Son avocat, Amar Bouaou, lui a posé des questions que le Télégramme retranscrit.

 

Amar Bouaou, avocat : « Reconnaissez-vous votre implication dans le trafic ? »Roberto Blanchedent : « Oui, je suis un trafiquant de Kercado. Je reconnais mon implication. Je veux vous dire aujourd’hui ce que j’ai fait rĂ©ellement. Depuis le dĂ©but, ce sont les autres qui parlent parfois sans savoir. Oui, je suis un des patrons du quartier de Kercado. Mais je ne suis pas ‘LE’ patron. Nous sommes trois. Il y a trois rĂ©seaux dans le quartier. On me met beaucoup de choses sur le dos mais en rĂ©alitĂ©, je ne parle qu’à deux personnes. J’ai ma propre logistique. Les petits, je ne leur parle pas. Je donne la marchandise Ă  mes amis, ils gĂšrent. AprĂšs les gens racontent des choses alors qu’ils ne savent rien. Dans l’enquĂȘte par exemple, il est Ă©voquĂ© que je tiens le terrain de Kerarden et que je vends de l’hĂ©roĂŻne ! C’est n’importe quoi. Je n’ai rien Ă  voir avec Kerarden.
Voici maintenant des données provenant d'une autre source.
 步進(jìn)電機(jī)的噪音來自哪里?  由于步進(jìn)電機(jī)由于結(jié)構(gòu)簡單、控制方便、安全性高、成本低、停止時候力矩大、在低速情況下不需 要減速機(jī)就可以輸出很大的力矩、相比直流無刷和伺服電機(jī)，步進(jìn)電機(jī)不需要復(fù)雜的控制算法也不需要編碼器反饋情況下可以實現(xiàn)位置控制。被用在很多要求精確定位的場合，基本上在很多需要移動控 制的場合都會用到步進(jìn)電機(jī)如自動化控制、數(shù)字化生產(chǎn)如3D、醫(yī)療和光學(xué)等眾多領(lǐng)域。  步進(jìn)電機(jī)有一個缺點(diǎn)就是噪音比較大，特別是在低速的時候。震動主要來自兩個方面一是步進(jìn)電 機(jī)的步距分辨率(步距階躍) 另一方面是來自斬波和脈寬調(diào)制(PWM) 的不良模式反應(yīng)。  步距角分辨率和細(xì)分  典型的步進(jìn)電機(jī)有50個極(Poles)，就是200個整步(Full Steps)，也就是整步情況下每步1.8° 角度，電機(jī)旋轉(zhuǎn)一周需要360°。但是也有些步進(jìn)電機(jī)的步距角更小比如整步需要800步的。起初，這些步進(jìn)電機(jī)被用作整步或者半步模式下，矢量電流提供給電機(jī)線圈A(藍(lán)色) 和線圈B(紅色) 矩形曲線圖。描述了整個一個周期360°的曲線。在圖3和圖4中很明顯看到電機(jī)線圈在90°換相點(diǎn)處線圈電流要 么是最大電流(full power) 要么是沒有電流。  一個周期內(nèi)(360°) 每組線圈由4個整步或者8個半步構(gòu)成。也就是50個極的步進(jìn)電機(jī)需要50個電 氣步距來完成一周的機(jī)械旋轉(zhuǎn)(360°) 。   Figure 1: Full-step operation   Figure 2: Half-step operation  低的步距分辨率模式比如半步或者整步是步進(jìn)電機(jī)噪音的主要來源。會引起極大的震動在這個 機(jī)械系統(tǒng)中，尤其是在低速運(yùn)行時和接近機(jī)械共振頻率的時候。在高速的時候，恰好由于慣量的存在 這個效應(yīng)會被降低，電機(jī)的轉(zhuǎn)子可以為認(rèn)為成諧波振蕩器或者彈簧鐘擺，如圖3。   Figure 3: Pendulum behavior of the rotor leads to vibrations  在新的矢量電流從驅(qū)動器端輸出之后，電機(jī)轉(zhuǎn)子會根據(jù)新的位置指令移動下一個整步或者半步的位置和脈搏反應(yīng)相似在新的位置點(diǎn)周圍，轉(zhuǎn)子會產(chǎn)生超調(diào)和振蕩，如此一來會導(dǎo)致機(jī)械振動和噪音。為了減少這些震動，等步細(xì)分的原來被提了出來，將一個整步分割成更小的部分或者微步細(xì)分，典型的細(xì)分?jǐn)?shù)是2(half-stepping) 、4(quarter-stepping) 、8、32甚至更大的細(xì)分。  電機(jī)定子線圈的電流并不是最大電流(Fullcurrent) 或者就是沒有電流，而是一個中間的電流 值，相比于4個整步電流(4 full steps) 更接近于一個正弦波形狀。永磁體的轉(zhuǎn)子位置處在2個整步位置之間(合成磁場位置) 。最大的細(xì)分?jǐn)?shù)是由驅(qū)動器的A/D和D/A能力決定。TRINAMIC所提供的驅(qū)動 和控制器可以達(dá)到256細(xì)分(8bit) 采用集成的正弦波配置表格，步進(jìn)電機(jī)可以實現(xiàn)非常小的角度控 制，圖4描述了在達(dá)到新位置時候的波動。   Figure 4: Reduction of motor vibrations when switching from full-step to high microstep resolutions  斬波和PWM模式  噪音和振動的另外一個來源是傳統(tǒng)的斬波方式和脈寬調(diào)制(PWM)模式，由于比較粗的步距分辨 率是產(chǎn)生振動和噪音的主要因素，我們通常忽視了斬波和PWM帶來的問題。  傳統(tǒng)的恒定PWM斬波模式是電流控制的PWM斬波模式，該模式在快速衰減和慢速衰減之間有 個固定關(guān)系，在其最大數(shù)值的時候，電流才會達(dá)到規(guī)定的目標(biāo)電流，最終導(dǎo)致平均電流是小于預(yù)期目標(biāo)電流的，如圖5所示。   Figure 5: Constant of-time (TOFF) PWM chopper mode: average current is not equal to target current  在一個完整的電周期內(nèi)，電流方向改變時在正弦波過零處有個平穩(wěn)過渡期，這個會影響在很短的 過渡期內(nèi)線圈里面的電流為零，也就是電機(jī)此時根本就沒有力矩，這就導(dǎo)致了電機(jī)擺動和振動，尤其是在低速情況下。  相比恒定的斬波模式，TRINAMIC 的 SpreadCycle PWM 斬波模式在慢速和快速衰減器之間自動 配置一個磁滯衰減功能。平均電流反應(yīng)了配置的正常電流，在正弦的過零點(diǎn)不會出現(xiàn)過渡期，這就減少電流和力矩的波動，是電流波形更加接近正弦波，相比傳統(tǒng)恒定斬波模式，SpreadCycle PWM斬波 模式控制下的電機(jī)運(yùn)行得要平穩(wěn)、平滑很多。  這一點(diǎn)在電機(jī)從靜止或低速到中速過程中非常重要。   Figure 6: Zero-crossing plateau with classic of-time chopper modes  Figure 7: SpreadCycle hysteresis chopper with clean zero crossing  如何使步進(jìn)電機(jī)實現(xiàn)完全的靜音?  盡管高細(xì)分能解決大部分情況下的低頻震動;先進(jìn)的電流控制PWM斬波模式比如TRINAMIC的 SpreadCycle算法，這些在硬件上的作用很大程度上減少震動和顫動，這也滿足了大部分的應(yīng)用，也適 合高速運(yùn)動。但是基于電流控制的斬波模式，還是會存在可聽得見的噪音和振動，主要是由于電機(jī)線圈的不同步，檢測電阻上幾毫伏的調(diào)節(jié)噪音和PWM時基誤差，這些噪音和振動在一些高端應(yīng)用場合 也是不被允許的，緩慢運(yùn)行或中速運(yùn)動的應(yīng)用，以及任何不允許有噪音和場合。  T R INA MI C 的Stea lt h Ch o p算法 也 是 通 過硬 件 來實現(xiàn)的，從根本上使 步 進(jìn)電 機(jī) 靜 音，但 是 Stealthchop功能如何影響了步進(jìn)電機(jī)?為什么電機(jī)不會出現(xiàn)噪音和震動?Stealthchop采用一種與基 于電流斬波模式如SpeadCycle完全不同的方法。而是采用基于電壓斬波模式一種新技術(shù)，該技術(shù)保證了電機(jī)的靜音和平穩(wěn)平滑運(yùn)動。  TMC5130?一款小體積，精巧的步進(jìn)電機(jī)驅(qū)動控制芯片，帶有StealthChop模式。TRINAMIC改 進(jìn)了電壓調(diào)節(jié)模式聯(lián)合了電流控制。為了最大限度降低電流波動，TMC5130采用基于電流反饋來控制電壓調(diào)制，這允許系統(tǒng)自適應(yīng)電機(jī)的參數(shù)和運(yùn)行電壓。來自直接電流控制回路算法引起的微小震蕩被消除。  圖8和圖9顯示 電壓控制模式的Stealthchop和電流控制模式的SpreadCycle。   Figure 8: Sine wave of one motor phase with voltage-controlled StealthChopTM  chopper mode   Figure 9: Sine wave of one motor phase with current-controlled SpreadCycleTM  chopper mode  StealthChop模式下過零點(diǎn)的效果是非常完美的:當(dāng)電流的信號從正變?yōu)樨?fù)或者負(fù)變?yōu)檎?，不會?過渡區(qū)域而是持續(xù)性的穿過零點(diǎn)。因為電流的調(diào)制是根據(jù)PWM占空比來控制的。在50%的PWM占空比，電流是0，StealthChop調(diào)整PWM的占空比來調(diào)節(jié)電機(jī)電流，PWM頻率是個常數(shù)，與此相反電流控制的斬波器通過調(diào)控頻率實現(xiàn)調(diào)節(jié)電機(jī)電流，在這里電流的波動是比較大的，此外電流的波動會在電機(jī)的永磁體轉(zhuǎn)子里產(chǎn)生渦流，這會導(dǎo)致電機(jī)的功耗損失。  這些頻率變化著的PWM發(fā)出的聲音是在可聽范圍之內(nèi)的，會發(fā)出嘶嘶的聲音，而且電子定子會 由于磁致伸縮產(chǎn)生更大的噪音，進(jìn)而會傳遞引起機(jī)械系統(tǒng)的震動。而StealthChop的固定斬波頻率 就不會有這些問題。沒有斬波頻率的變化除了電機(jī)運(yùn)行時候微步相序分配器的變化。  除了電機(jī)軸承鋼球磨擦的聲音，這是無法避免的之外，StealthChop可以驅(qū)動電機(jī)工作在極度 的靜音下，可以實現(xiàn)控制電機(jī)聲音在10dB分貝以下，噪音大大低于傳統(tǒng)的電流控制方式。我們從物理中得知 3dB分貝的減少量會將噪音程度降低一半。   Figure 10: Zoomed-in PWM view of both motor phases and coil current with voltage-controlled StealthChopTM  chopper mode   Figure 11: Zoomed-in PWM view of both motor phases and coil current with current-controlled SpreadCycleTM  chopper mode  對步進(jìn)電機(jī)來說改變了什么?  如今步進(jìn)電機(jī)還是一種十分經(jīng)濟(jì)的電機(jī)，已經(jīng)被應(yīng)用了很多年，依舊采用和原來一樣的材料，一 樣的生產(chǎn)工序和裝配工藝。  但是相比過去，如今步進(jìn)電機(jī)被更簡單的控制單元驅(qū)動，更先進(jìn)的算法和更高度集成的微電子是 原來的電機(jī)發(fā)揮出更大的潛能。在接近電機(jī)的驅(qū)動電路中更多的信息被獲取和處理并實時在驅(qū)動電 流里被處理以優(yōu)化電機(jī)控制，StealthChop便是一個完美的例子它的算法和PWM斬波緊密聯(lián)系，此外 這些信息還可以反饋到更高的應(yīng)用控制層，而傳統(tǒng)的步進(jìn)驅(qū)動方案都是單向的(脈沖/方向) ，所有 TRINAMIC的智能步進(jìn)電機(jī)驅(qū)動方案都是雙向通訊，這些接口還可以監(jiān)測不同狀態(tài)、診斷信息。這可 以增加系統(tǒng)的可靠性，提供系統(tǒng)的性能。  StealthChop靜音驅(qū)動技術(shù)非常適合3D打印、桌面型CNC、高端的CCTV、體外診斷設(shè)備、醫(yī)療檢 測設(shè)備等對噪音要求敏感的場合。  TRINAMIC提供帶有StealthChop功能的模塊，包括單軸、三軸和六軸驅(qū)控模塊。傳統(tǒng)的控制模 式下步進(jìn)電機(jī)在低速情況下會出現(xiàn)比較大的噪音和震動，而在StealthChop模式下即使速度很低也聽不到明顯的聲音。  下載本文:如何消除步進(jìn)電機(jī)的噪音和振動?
Et je vends uniquement du cannabis et de la cocaĂŻne. Je ne vends absolument pas d’hĂ©roĂŻne, je ne vends pas de mort, moi.

Quelles quantités avez-vous vendues entre juillet 2017 et janvier 2019 ?

Chaque mois, j’achĂšte 60, 80 ou 100 kg de cannabis et trois Ă  cinq kilos de cocaĂŻne. Les quantitĂ©s varient selon les mois. Entre 2015 et 2017, j’ai moins vendu. Le kilo de cannabis me rapporte 6 Ă  700 euros de bĂ©nĂ©fice. Le kilo de cocaĂŻne 3 000 à 4 000 euros.

« Et quand j’entends dire qu’au Maroc, j’avais des gardes du corps ! C’est n’importe quoi. Moi, je vends des barrettes, des kilos mais pas des tonnes ».

Aviez-vous la conceptualisation de ce que vous risquiez ?

Non, la fin justifie les moyens. Quand on grandit Ă  Kercado, le trafic est quelque chose de banal. Vendre des stupĂ©fiants est normal. Aujourd’hui, j’attends de la justice rennaise qu’elle juge Ricardo, mon frĂšre, pour ce qu’il a fait. C’est-Ă -dire pas grand-chose. Ricardo n’a jamais eu les mains dedans. C’est un maillon faible du trafic. Il ne se mouille pas lĂ -dedans. Moi, j’attends de la justice qu’elle me juge aussi pour ce que j’ai fait. Pas parce qu’à Vannes, on estime que je suis un baron de la drogue. Certes, les quantitĂ©s sont importantes. Mais je suis un trafiquant local. Il existe 4 000 points de vente comme le mien en France.